Bacteriophage λ Can Be Modified for Use as a Cloning Vector and Assembled in Vitro
Bacteriophage λ is probably the most extensively studied bacterial virus, and a great deal is known about its molecular biology and genetics. A λ phage virion has a head, which contains the viral DNA genome, and a tail, which functions in infecting E. coli host cells. When λ DNA enters the host-cell cytoplasm following infection, it undergoes either lytic or lysogenic growth. In lytic growth, the viral DNA is replicated and assembled into more than 100 progeny virions in each infected cell, killing the cell in the process and releasing the replicated virions.
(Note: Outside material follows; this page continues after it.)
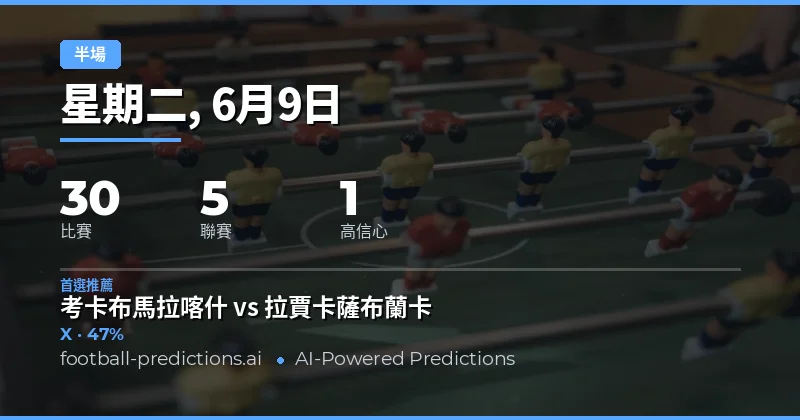 今日半場預測分析導覽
In lysogenic growth, the viral DNA inserts into the bacterial chromosome, where it is passively replicated along with the host-cell chromosome as the cell grows and divides.

The bacteriophage genome. (a) Electron micrograph of bacteriophage λ virion. The genome is contained within the head. (b) Simplified map of the λ phage genome.
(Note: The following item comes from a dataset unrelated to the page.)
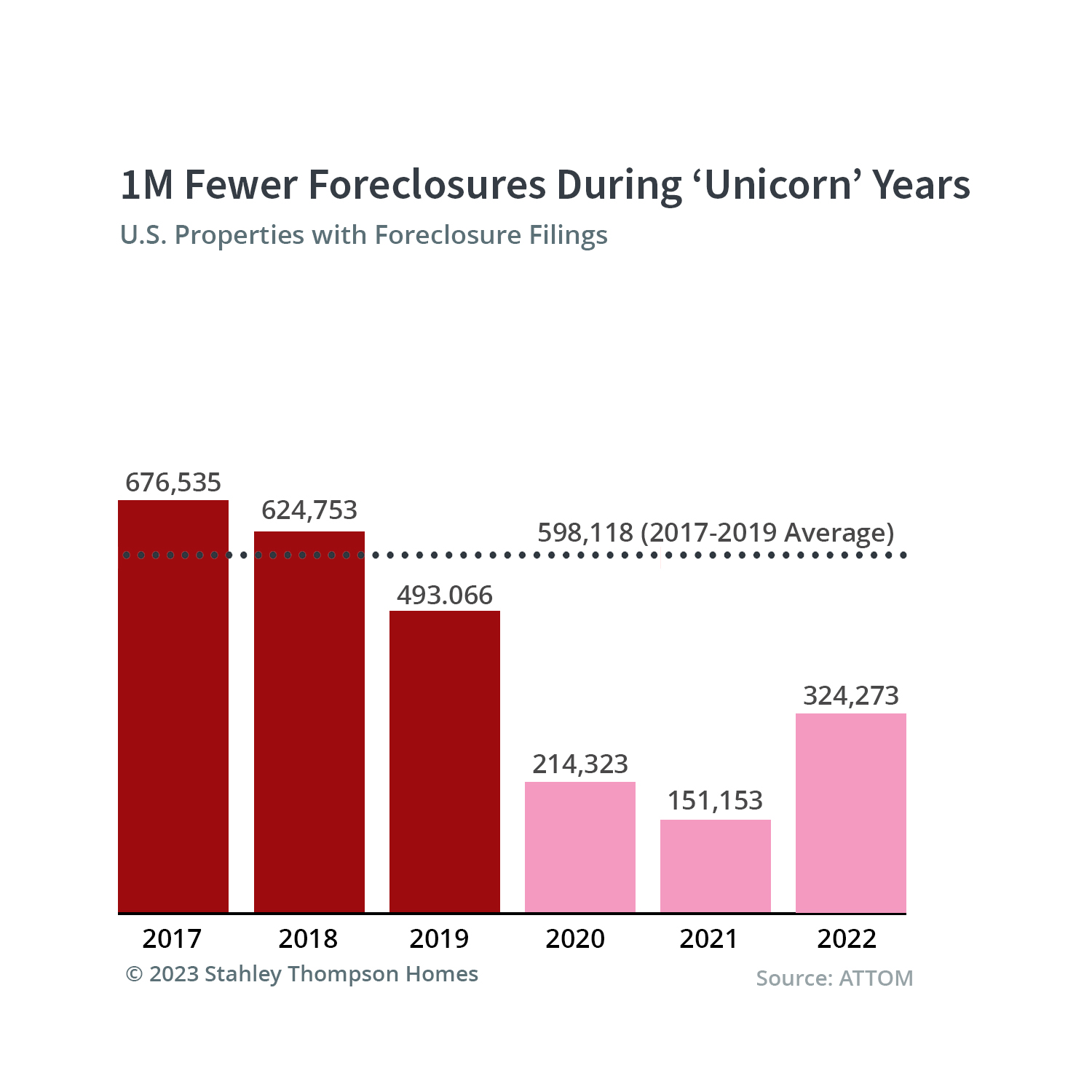 we are seeing an increase in foreclosure filings in Annapolis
The λ genes encoding the head and tail proteins as well as various proteins involved in the lytic and lysogenic growth pathways are clustered in discrete regions of the ≈50-kb viral genome. When bacteriophage λ is used as a cloning vector, it must be capable of lytic growth, but other viral functions are irrelevant. Consequently, the genes involved in the lysogenic pathway and other viral genes not essential for the lytic pathway are removed from the viral DNA and replaced with the DNA to be cloned. Up to ≈25 kb of foreign DNA can be inserted into the λ genome, resulting in a recombinant DNA that can be packaged in vitro to form virions capable of replicating and forming plaques on E. coli host cells.
During the in vivo assembly of λ virions within infected host cells, viral heads and tails initially are assembled separately, from multiple copies of the various proteins that compose these complex structures. Replication of λ DNA in a host cell generates long multimeric DNA molecules, called concatomers, that consist of multiple copies of the viral genome linked end to end and separated by specific nucleotide sequences called COS sites. Two λ proteins, designated Nu1 and A, bind to COS sites and direct insertion of the DNA lying between two adjacent COS sites into a preassembled head. This process results in the packaging of a single ≈50-kb λ genome from the multimeric concatomer into each preassembled head. Host-cell chromosomal DNA is not inserted into the λ heads because it does not contain any copies of the COS sequence. Once λ DNA is inserted into a preassembled λ head, the preassembled tail is attached, producing a complete virion.